Are you serious? The Nigeria mess is not on the scale of the Gulf Spill.

posted on Jun, 17 2010 @ 03:08 PM

Originally posted by NightFlyer96
I think I know why this was neglected - in the U.S they only care about what happens in their hemisphere - not about what happens in the rest of the world. look at the chile and Haiti earthquakes, they made such a big deal about Haiti, yet when the chile earthquake happens it was only on the news for about 2 days

I'm happy to inform you that this is simply not the case.

Much like the people in Nigeria, no one asks the actual citizens what they think, what they want, or what is allowable or acceptable concerning big business.

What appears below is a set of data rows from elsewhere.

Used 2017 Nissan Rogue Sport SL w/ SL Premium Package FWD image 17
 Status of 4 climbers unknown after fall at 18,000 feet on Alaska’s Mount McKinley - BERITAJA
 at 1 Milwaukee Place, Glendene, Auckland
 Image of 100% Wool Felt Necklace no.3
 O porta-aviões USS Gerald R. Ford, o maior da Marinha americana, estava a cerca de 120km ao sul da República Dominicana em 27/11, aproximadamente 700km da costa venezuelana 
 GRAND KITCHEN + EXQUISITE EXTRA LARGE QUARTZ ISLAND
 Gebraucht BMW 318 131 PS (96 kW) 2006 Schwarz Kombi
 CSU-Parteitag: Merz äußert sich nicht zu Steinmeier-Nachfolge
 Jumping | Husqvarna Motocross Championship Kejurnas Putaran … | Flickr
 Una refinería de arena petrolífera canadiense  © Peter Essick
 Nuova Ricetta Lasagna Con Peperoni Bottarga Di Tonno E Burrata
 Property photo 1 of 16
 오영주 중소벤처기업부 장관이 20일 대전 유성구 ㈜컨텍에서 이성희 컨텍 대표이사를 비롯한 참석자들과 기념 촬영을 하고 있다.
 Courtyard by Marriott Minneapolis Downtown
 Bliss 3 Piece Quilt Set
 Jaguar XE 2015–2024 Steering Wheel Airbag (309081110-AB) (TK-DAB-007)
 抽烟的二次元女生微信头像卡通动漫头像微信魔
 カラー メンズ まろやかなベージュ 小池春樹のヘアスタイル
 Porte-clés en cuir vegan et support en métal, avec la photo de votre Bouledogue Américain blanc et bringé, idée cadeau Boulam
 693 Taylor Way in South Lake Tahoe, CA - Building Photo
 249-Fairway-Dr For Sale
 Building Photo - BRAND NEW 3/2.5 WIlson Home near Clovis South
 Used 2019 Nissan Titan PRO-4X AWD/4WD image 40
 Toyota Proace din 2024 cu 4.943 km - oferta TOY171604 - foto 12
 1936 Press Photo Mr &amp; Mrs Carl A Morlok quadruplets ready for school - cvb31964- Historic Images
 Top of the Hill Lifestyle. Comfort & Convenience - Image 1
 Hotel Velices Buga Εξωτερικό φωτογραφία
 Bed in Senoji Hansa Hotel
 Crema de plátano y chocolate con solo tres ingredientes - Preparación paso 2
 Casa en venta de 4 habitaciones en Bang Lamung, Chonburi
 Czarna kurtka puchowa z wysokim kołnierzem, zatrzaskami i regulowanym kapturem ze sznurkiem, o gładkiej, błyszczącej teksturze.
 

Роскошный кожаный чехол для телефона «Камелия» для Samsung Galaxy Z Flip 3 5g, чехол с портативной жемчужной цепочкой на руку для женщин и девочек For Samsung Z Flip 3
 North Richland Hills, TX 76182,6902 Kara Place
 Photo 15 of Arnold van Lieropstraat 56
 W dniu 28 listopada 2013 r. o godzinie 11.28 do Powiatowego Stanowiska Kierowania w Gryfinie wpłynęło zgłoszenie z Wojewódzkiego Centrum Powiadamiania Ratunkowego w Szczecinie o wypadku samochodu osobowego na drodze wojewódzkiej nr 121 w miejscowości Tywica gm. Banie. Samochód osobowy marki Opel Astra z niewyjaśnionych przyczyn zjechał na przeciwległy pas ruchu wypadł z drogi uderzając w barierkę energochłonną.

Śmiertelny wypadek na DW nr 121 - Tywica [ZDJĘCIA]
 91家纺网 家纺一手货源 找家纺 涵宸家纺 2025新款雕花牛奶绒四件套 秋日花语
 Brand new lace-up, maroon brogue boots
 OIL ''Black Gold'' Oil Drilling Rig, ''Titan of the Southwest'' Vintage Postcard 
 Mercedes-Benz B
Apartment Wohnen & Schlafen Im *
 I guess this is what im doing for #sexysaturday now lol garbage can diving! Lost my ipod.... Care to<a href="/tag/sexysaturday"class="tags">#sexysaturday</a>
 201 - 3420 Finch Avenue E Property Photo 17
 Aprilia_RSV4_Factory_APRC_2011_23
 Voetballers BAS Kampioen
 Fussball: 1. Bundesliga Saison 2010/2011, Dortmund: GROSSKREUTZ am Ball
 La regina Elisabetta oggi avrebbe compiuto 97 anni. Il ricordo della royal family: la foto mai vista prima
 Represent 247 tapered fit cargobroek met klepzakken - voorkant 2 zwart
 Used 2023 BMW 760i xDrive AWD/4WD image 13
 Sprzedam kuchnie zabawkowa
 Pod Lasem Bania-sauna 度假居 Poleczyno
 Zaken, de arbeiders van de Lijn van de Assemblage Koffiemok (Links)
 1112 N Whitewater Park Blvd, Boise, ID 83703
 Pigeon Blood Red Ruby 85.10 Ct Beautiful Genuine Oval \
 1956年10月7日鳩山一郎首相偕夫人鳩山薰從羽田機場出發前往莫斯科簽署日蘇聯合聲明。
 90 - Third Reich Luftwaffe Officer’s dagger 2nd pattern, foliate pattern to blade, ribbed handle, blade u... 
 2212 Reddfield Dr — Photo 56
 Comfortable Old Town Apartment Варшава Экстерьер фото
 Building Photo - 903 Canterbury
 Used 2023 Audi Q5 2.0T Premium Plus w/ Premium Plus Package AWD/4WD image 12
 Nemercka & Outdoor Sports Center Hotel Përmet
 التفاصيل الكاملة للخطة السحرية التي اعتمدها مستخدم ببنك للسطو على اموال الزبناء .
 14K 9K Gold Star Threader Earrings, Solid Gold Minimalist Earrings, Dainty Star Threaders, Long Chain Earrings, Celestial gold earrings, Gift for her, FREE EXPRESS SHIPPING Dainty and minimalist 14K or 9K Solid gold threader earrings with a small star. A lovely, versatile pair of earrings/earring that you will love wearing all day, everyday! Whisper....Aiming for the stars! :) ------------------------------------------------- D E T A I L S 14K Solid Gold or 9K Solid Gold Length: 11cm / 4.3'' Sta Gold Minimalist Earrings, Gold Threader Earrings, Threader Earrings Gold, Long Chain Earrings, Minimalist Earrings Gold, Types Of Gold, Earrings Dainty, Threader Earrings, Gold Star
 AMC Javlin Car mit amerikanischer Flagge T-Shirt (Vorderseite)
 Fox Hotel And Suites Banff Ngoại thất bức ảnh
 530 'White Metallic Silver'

What do you think all these town-hall meetings, letters to editors, comments, protests, arrests, etc., that happen here are all about, my international friend?

posted on Jun, 17 2010 @ 03:40 PM

Originally posted by AceWombat04
reply to post by ladyinwaiting

Well, at least now it will hopefully be equally present in the public consciousness. I just wish that there was a sincere cleanup effort or fund or something to donate to. Even just a dollar or two.

I understand. I would donate too. But the funds need to be used to hire lawyers to file LAWSUITS.

Litigation is the only way to get them to clean this up.

posted on Jun, 17 2010 @ 03:41 PM
reply to post by ladyinwaiting

Those are not flames, they are just something painted yellow that appears like flames when you can see through the oil, watch more carefully at full screen and you will see that they only appear in two places and it is just yellow you don't see until a clear spot pops up and yes it does look like flames, but there is no oxygen down there so it won't burn till it comes to the surface.


posted on Jun, 17 2010 @ 05:34 PM
reply to post by sizzlean

And here in lies the truth. The west is more than happy to keep polluting the world until it happens in someones backyard. Chevron has spent 30 years destroying an area in Ecuador and Shell has spent 50 years dumping on Nigeria.

The Gulf highlights our addiction to oil and the 'drill baby, drill' attitude that has prevailed for too long.

posted on Jun, 17 2010 @ 05:35 PM
reply to post by sizzlean

The yellow you see which is stated as fire is actually Dispersant. They are injecting it right into the well head and plume. There is also Methane bubbles and Natural Gas spewing from it.